Gallery

Senin, 14 Maret 2016

Hukum Atas Nama Tuhan

Menarik sekali menelaah pandangan- pandangan kritis Khaled M. Abou El Fadl dalam bukunya Speaking in God's Name: Islamic Law, Authority, and Women.
Ketika lingkungan sosial berubah dan berkembang, maka peran berbagai riwayat juga berubah dan berkembang. Sebuah riwayat mungkin berdampak kecil pada suatu zaman, tetapi berdampak besar pada zaman kita. Sebuah riwayat dapat dipercaya pada suatu zaman, tetapi mungkin menjadi tidak dapat dipercaya pada zaman lain, tulis Khaled El Fadhl.

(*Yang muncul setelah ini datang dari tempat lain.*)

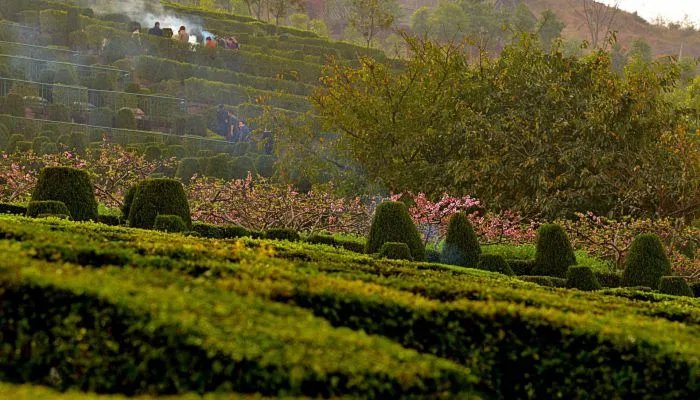 2022清明节是4月4还是4月5号 2022清明节到底是几月几号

Riwayat dari A'isyah RHA, bahwa Nabi shalla Allah 'alaih wa sallama, kaum muhajirin dan kaum Anshar berkumpul dalam suatu majelis. Tiba-tiba seekor unta bersujud di hadapan Nabi. Sahabat,mya rasulallah, unta ini bersujud kepadamu. Bagaimana kalau kami juga melakukan hal yang sama. Sabda Nabi, bersujudlah hanya kepada Allah Swt, dan hormatilah saudaramu.

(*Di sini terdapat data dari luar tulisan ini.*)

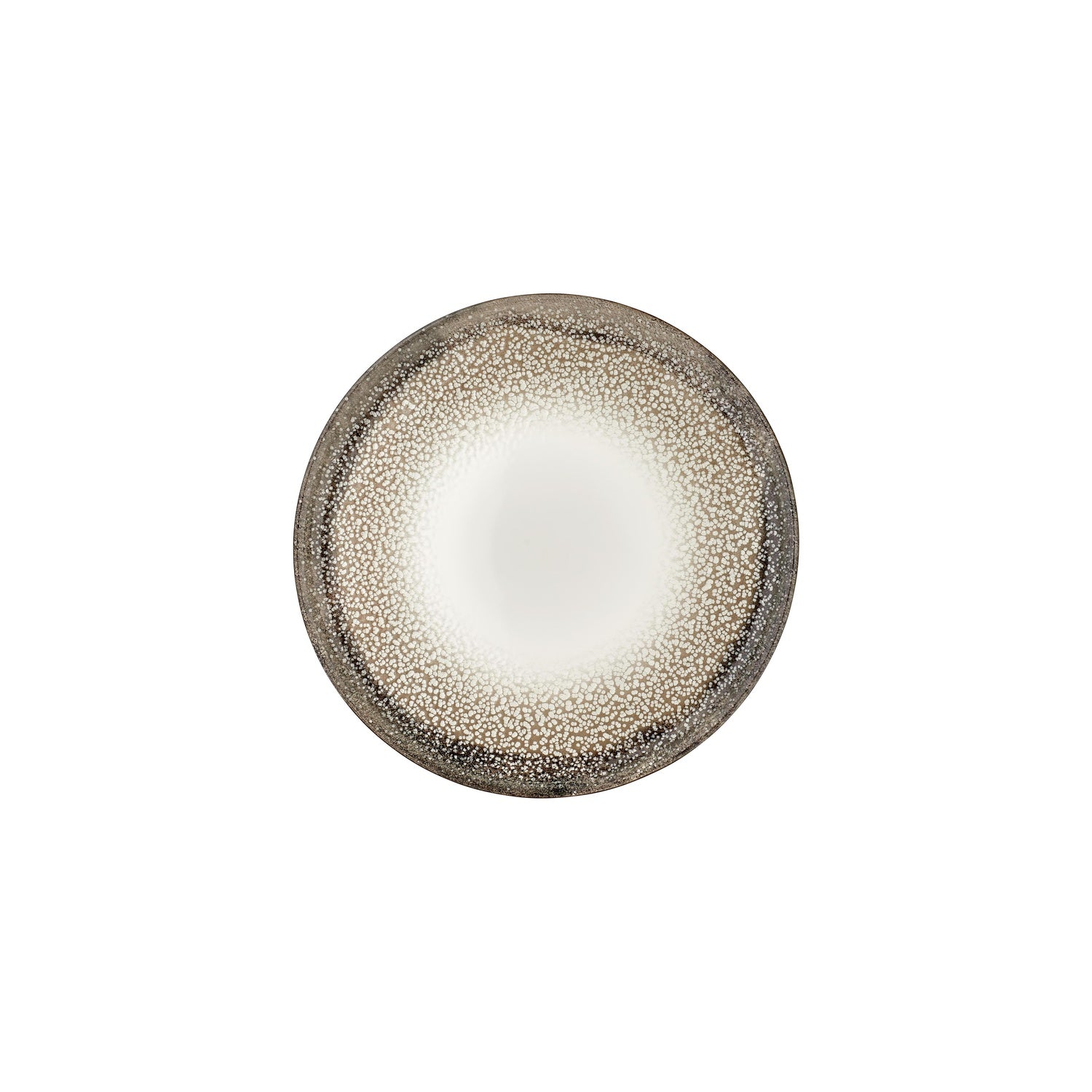 Spazio dia.9.75" Round Decorated Vitrified Plate (Set of 4)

Pada kesempatan lain,  Mu'adz  baru saja dari Syam. Ia melihat di negeri Syam orang- orang di sana bersujud kepada para pendetanya.  Ia pun bermaksud  melakukan hal yang sama kepada Nabi. Tetapi Nabi tidak berkenan. Kalaupun boleh seseorang bersujud kepada sesama hamba, maka seorang isteri pantas untuk bersujud kepada suaminya. Bahkan, kalau suaminya menyuruh untuk menjilati bisulnya.

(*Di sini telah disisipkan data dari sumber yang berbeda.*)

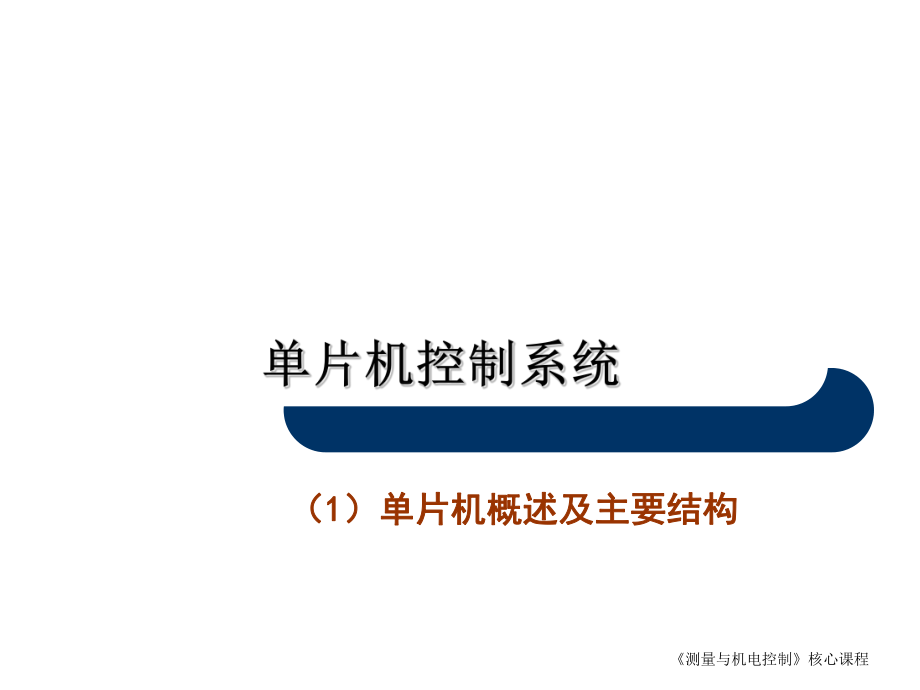 单片机控制系统.ppt_第1页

Ada riwayat dari Azhar ibn Marwan yang menyebutkan bahwa kalau suamimu mengajakmu tidur ( berhubungan seks) di atas punggung unta, maka sebagai seorang isteri tidak boleh menolak permintaan suami. Apa ini ada kelainan seks? Hadis- hadis semacam ini perlu penelitian yang mendalam. Sepertinya tidak pantas ujaran seperti itu keluar dari lisaj seorang rasul.
Tentu masih banyak riwayat yang senada, dan sangat merendahkan kaum wanita yang bahkan telah beredar di dalam pergaulan masyarakat. Riwayat seperti ini seharusnya di- peti-es-kan saja. Disamping tidak memberi makna juga tidak memberi pendidikan moral yang baik. Saya lagi bertanya- tanya, apakah hal- hal seperti itu merepresentasi kebobrokan masyarakat arab jahiliyah kala itu?